Refugee camp in Kerman province, Iran

Bardsir Refugee Camp (اردوگاه افاغنه) (Note: Romanized as Ardūgāh Afāghaneh) is a refugee camp in Narp Rural District of Negar District, Bardsir County, Kerman province, Iran.

==Demographics==
===Population===
At the time of the 2006 National Census, the village's population was 7,679 in 1,545 households, when it was in Mashiz Rural District of the Central District. The following census in 2011 counted 3,912 people in 863 households, by which time the Afghan Refugee Camp had been separated from the district in the establishment of Negar District. It was transferred to Narp Rural District, created in the new district.
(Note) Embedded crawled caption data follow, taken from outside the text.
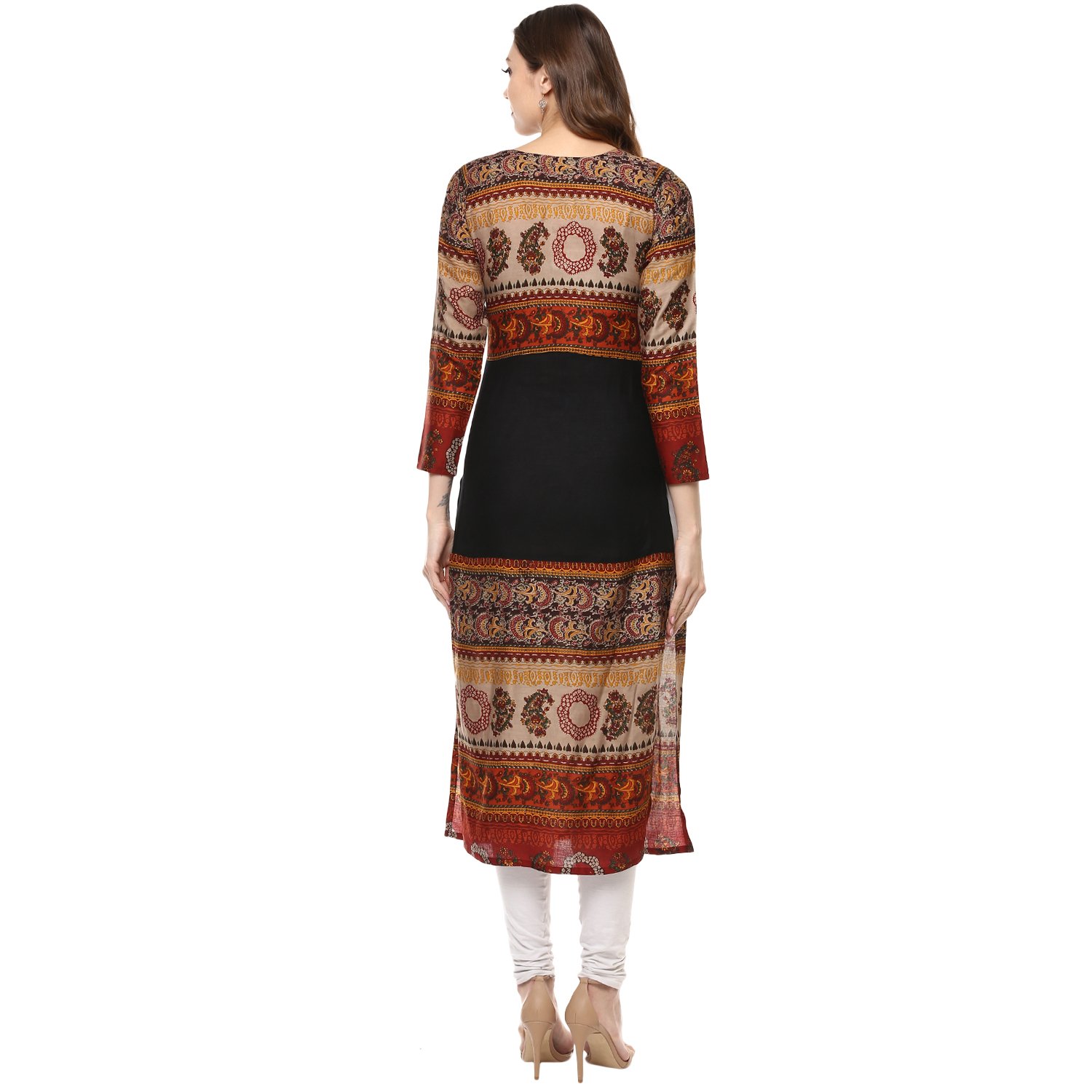 ives black printed rayon straight kurti for women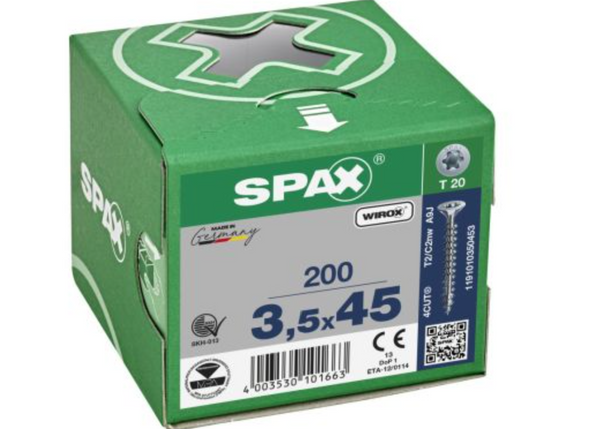 Spax para madera torx 3,5 x 45 mm T20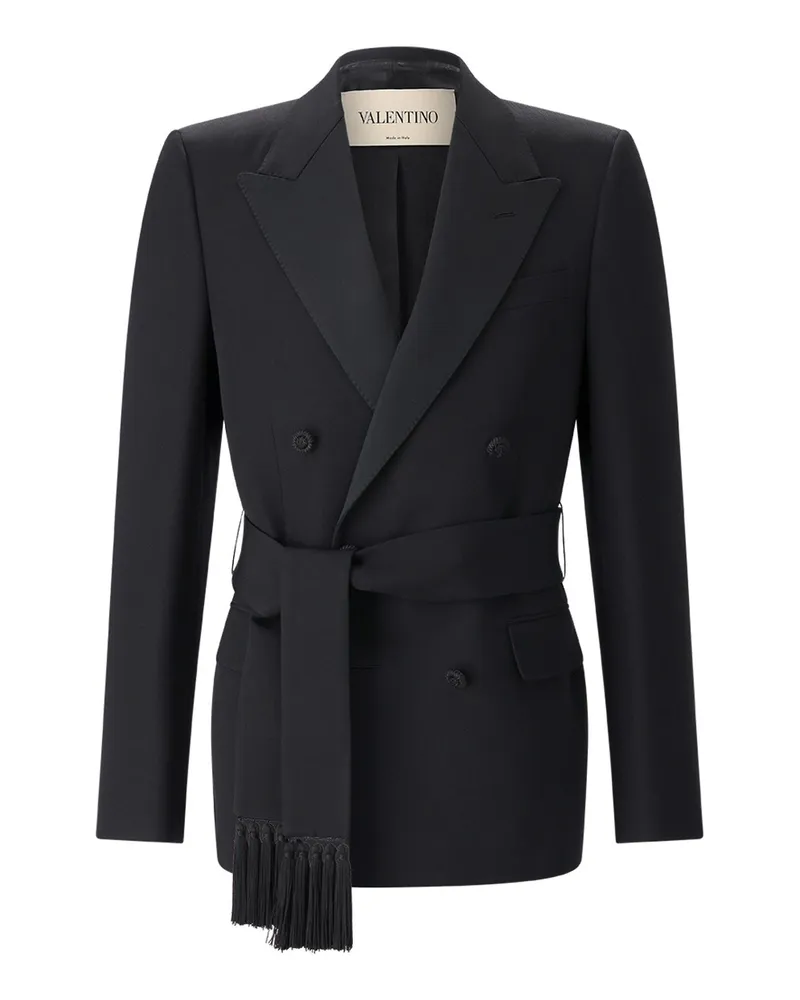 Valentino Garavani Zweireihiges Sakko aus Schurwolle Schwarz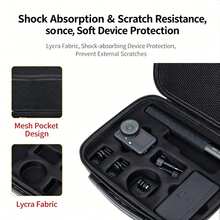 硬殼便攜收納盒,相容 Osmo Action 5 Pro / Action 4 / Action 3,防震保護旅行攜行包,附客製化泡棉切割槽、網袋與舒適手提把手,可收納完整相機配件 - 查看 6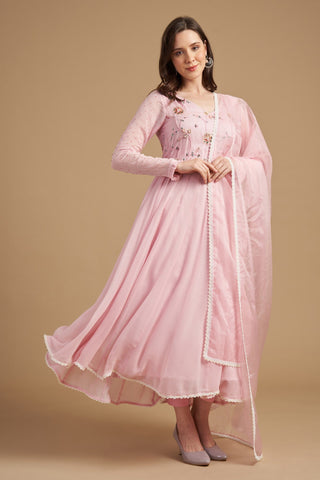 Pearl-Elegance Anarkali Set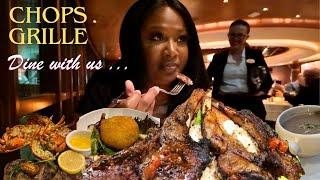 EATING AT THE BEST STEAKHOUSE AT SEA !! LAMB CHOPS MUKBANG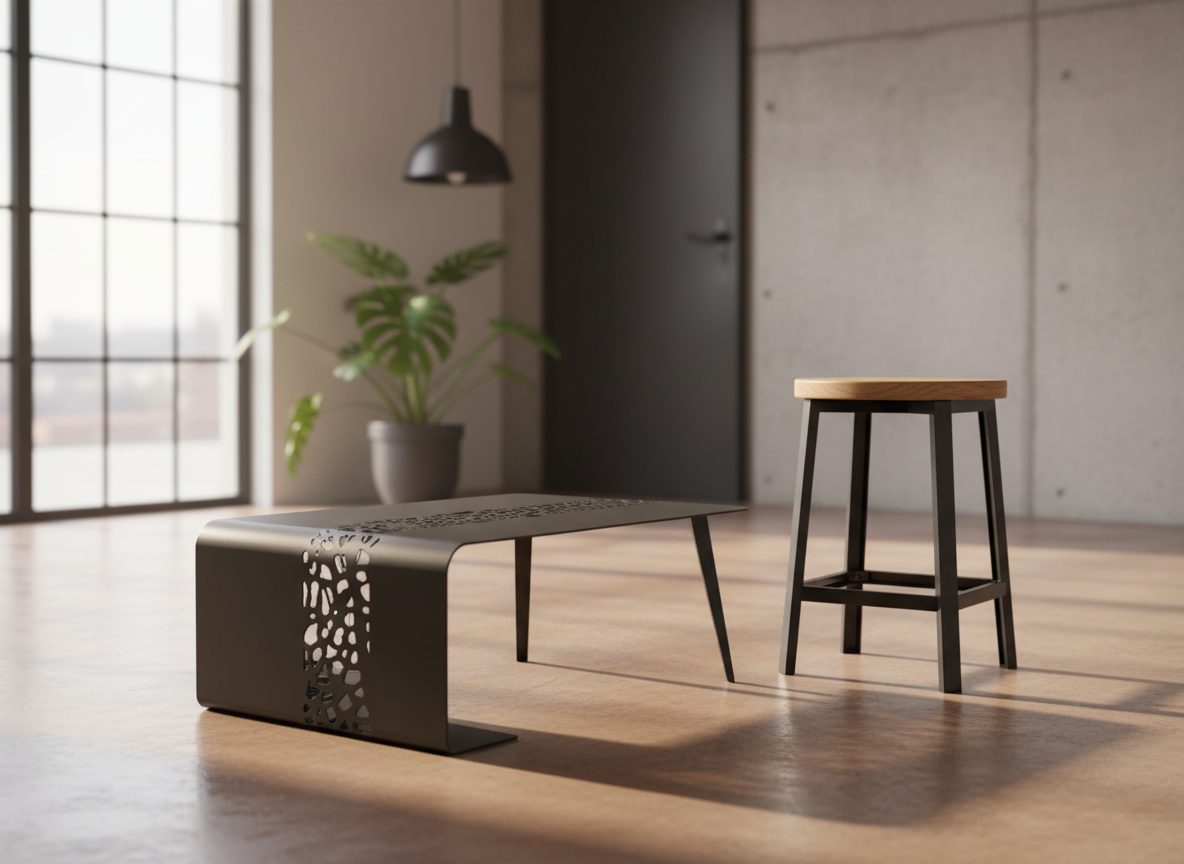 Tres banquetas con estructura negra y asiento de roble en barra de cocina abierta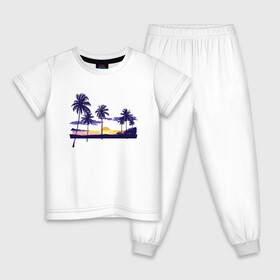 Детская пижама хлопок с принтом ПАЛЬМЫ в Тюмени, 100% хлопок |  брюки и футболка прямого кроя, без карманов, на брюках мягкая резинка на поясе и по низу штанин
 | beach | ocean | palm trees | sea | summer | sun | sunset | vacation | закат | лето | море | океан | отдых | отпуск | пальмы | пляж | солнце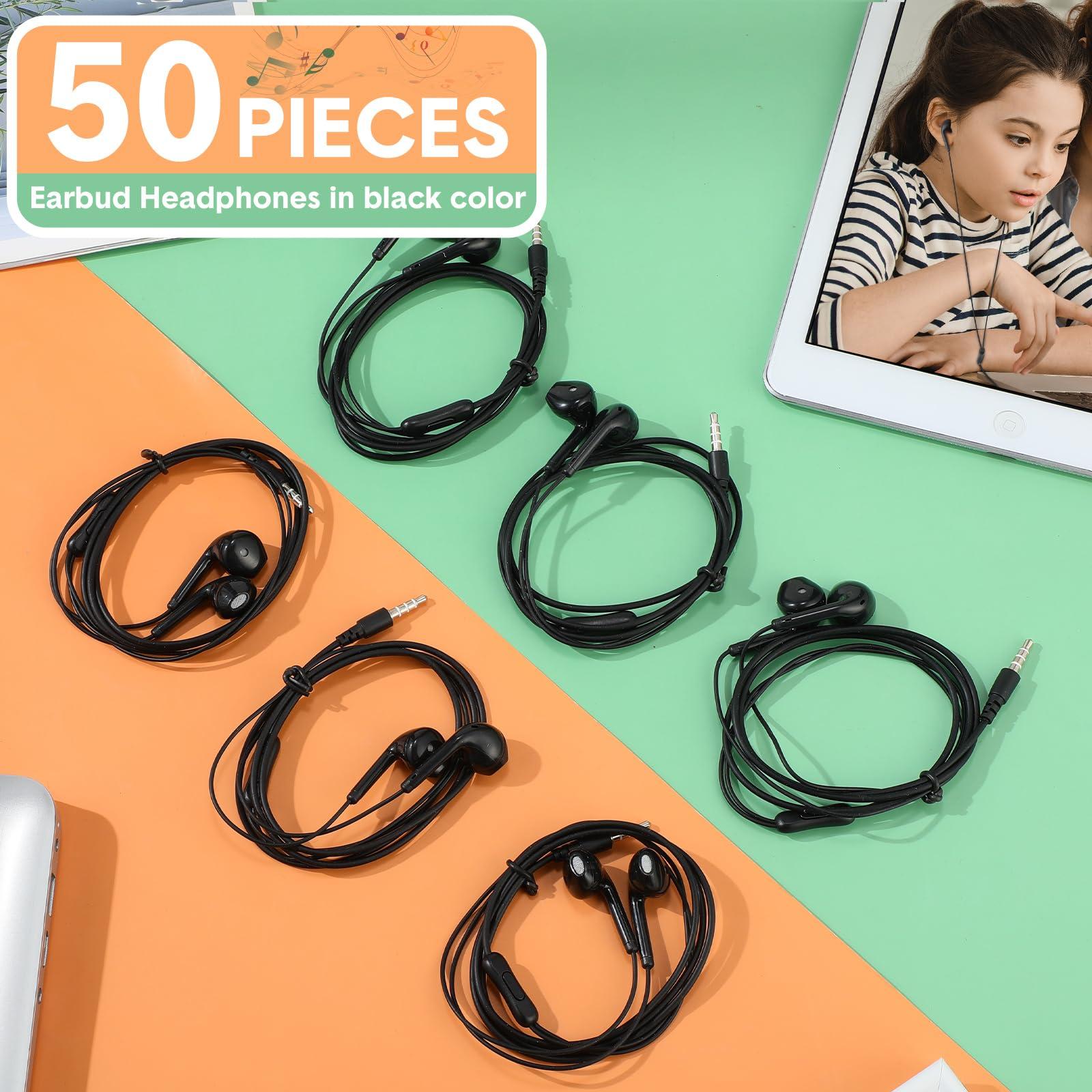 Xinnun 50 Pack Bulk Earbud Headphones with Mic Student in Ear Earbuds Classroom Wired Ear Buds with 3.5mm Headphone Plug for Kids Adults School Library Museum Travel Plane Tablet(Black,Simple) - Image 3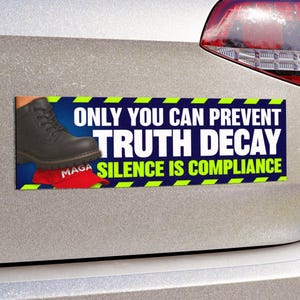 AUTOCOLLANT ou AIMANT pour pare-chocs ou AIMANT, Silence c&#39;est la conformité, Manifestation anti-Trump, Résistance pro-démocratie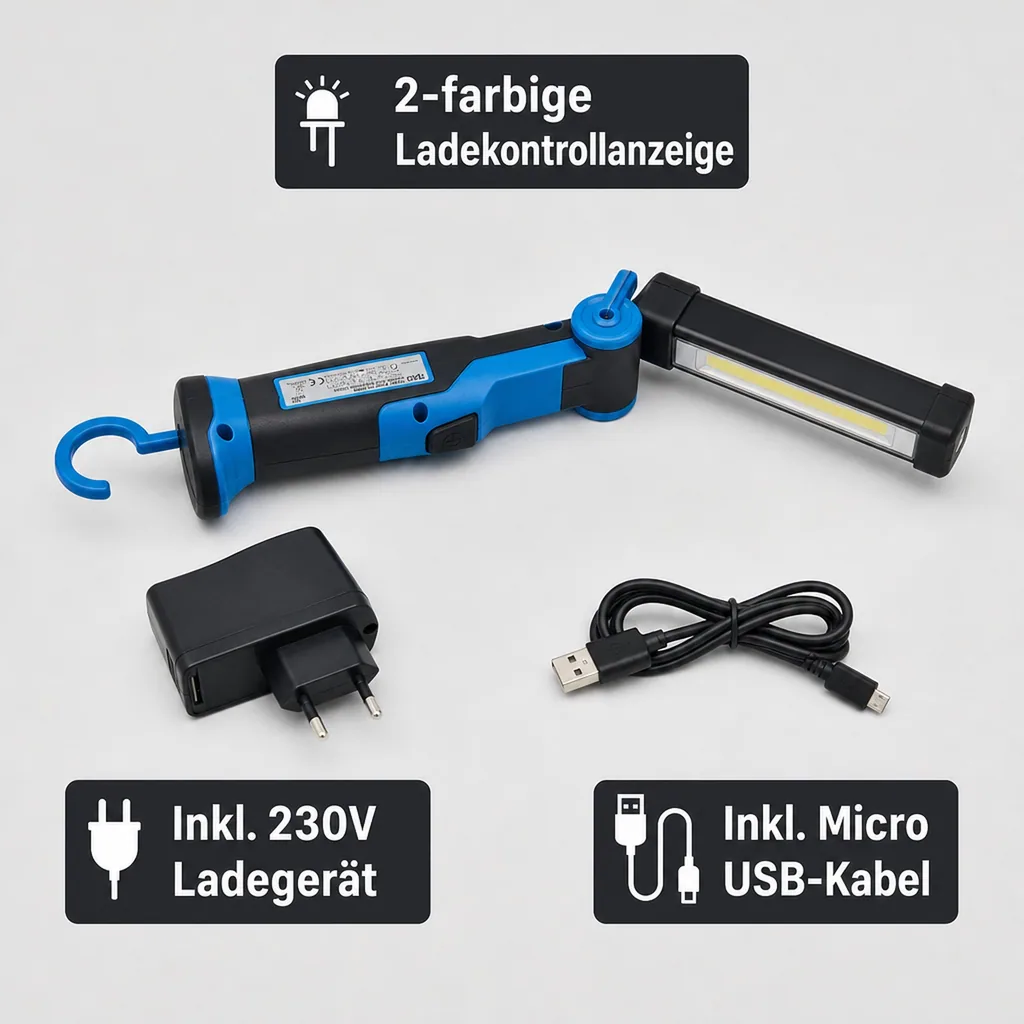 COB LED Lampe, Akku Knicklampe, Werkstattlampe Akku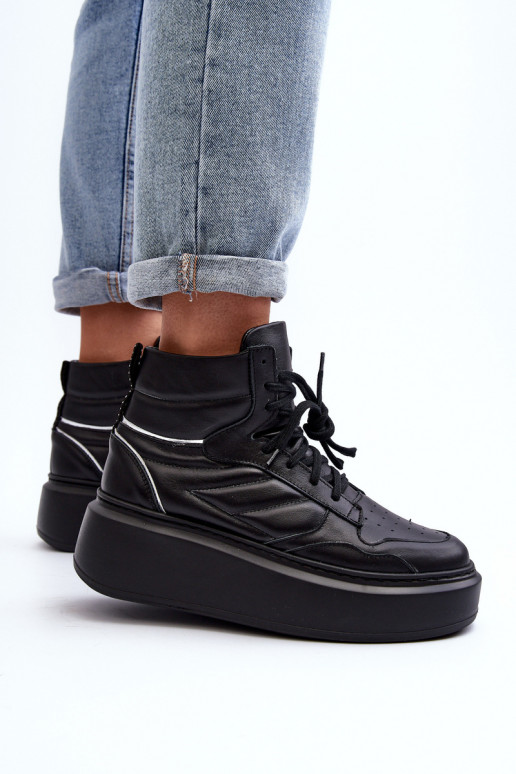 Zazoo 3392/X Women's Leather Platform Sports Shoes Black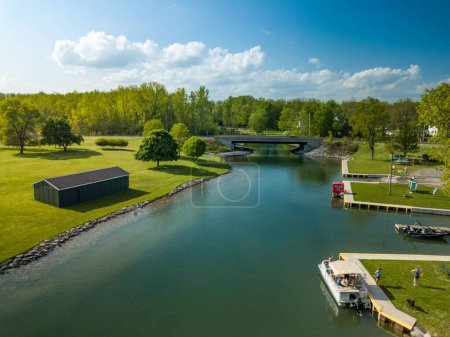 Photo for An aerial view of the river and greenery of Emerson park before the blue skyline - Royalty Free Image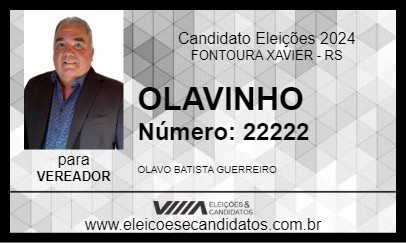 Candidato OLAVINHO 2024 - FONTOURA XAVIER - Eleições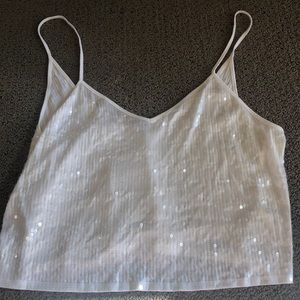 White sequin cropped Express Tank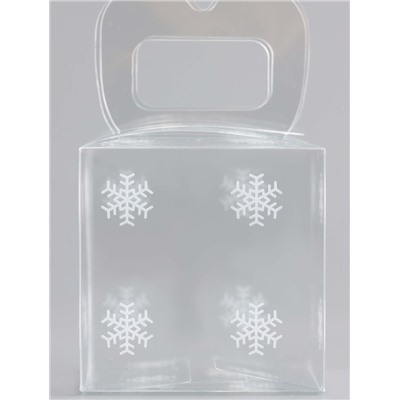 Коробка подарочная новогодняя складная ПВХ «Снежинки» 5×5×5 см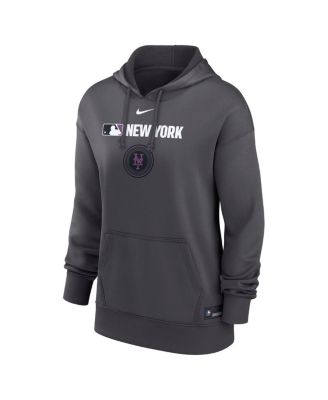 Women's Anthracite New York Mets Authentic Collection City Connect Performance Pullover Hoodie
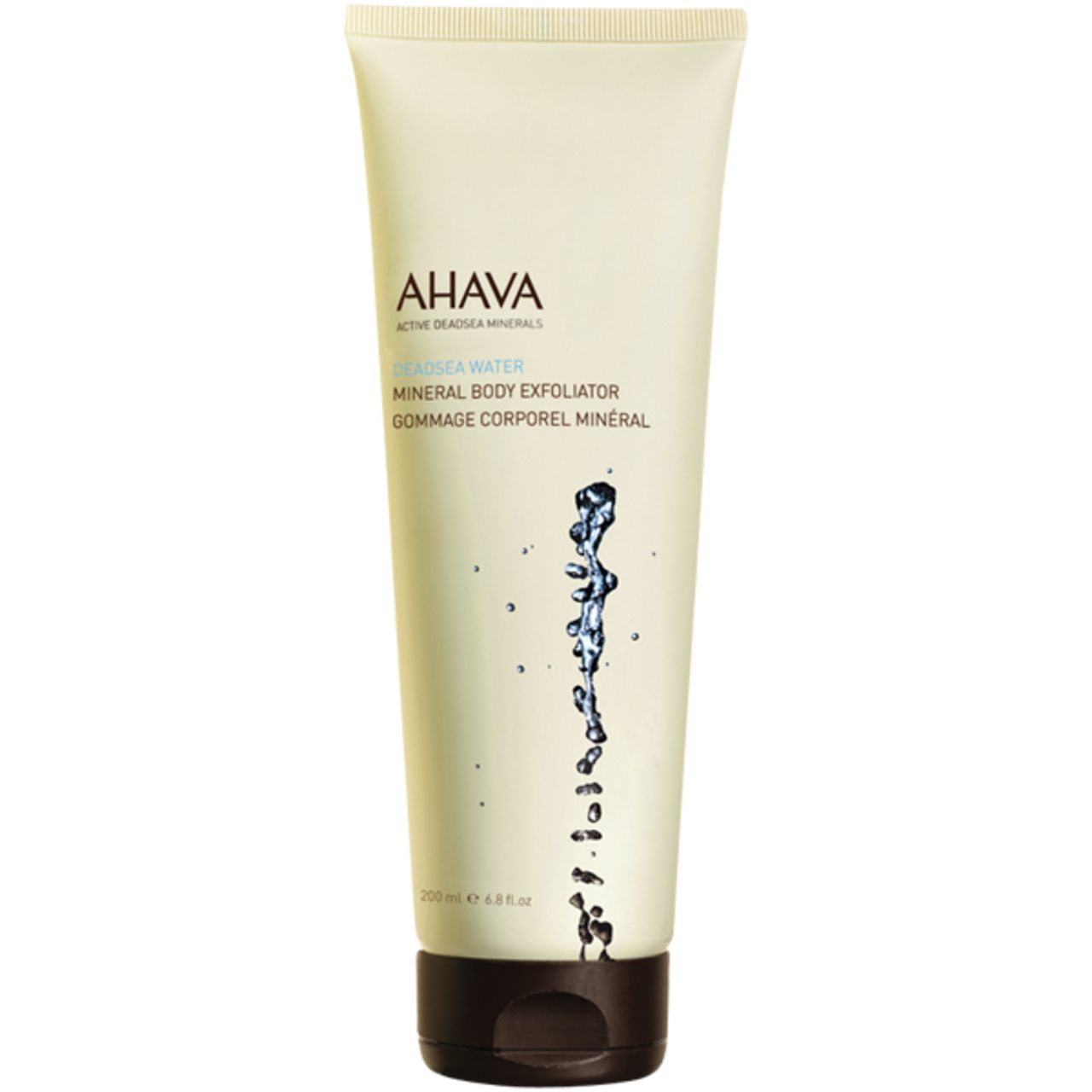 AHAVA Mineral Body Exfoliator. Beige Tube mit braunem Deckel. Schriftzug und Wasser-Design.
The 2016 census measured the population of the village as 3,504 people in 823 households. It was the most populous locality in its rural district.

In 2009 a number of refugees were repatriated from the camp, most of them Kochis who fled the Soviet occupation of Afghanistan.

In 2013 the Norwegian Refugee Council started a program to improve the shelters in the camp.

In 2023 the camp had a population of over 5500 Afghan refugees.